++++ DATA FOR ANALYSIS

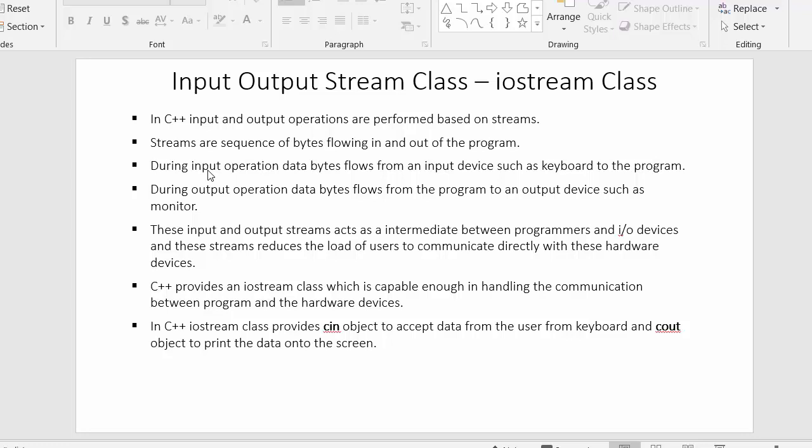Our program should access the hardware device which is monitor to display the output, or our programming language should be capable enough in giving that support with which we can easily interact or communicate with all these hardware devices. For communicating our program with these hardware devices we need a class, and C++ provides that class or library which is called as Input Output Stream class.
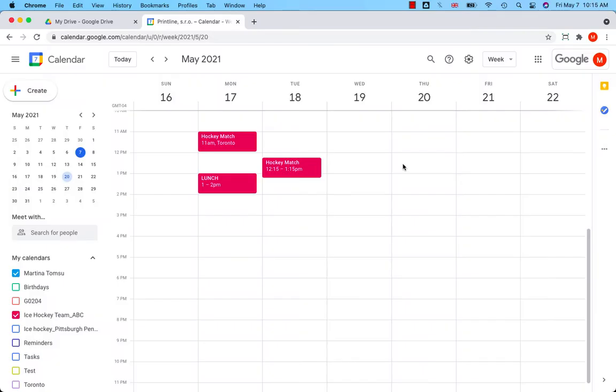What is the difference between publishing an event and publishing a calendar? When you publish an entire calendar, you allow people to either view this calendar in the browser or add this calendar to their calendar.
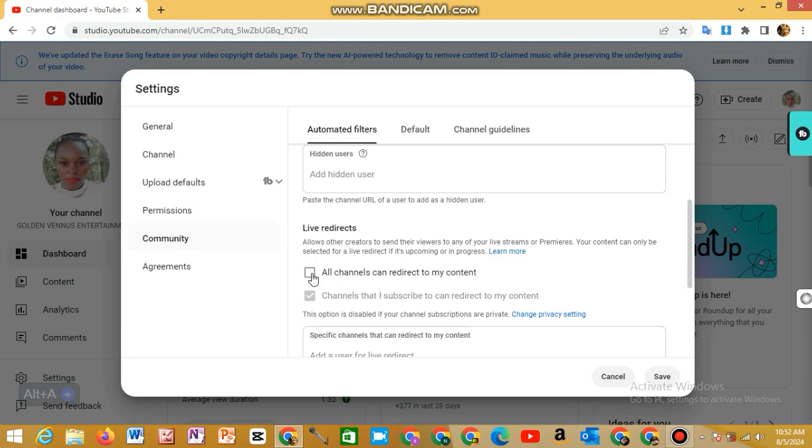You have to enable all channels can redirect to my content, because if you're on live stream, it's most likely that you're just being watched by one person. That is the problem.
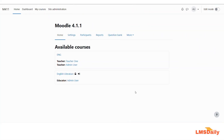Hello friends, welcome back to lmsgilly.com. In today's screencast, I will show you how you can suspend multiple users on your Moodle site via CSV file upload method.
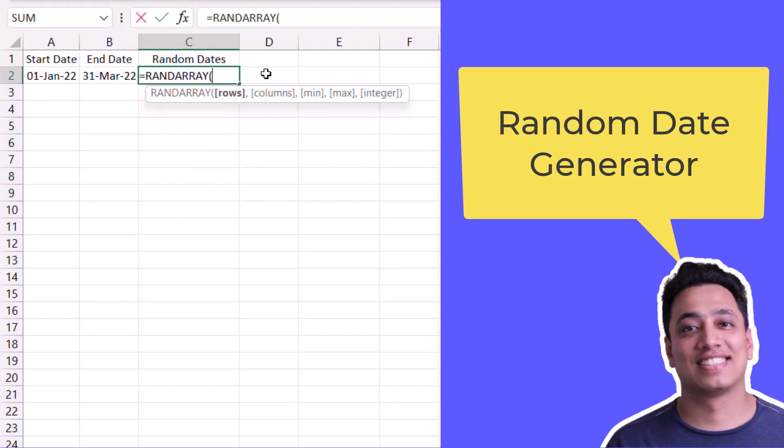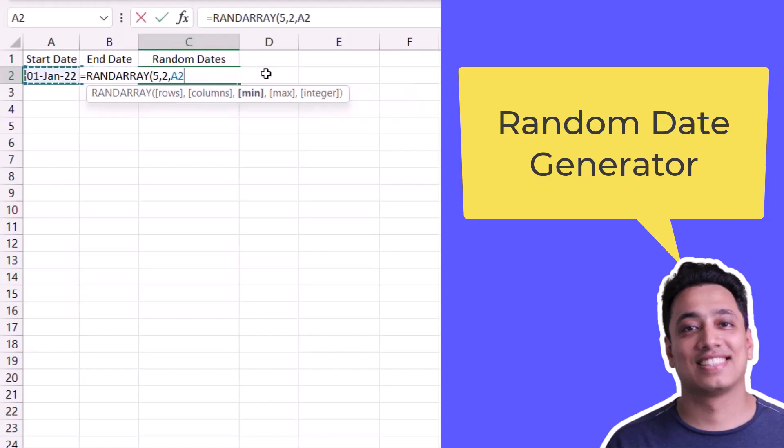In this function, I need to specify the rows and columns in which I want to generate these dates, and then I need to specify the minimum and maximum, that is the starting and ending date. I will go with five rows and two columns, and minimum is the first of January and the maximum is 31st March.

++++++++

* _WORK ITEM_: Each entry above is to be written out exactly. The pictures stay out.

* _TASK SOLUTION_:
Our program should access the hardware device which is monitor to display the output, or our programming language should be capable enough in giving that support with which we can easily interact or communicate with all these hardware devices. For communicating our program with these hardware devices we need a class, and C++ provides that class or library which is called as Input Output Stream class.
What is the difference between publishing an event and publishing a calendar? When you publish an entire calendar, you allow people to either view this calendar in the browser or add this calendar to their calendar.
You have to enable all channels can redirect to my content, because if you're on live stream, it's most likely that you're just being watched by one person. That is the problem.
Hello friends, welcome back to lmsgilly.com. In today's screencast, I will show you how you can suspend multiple users on your Moodle site via CSV file upload method.
In this function, I need to specify the rows and columns in which I want to generate these dates, and then I need to specify the minimum and maximum, that is the starting and ending date. I will go with five rows and two columns, and minimum is the first of January and the maximum is 31st March.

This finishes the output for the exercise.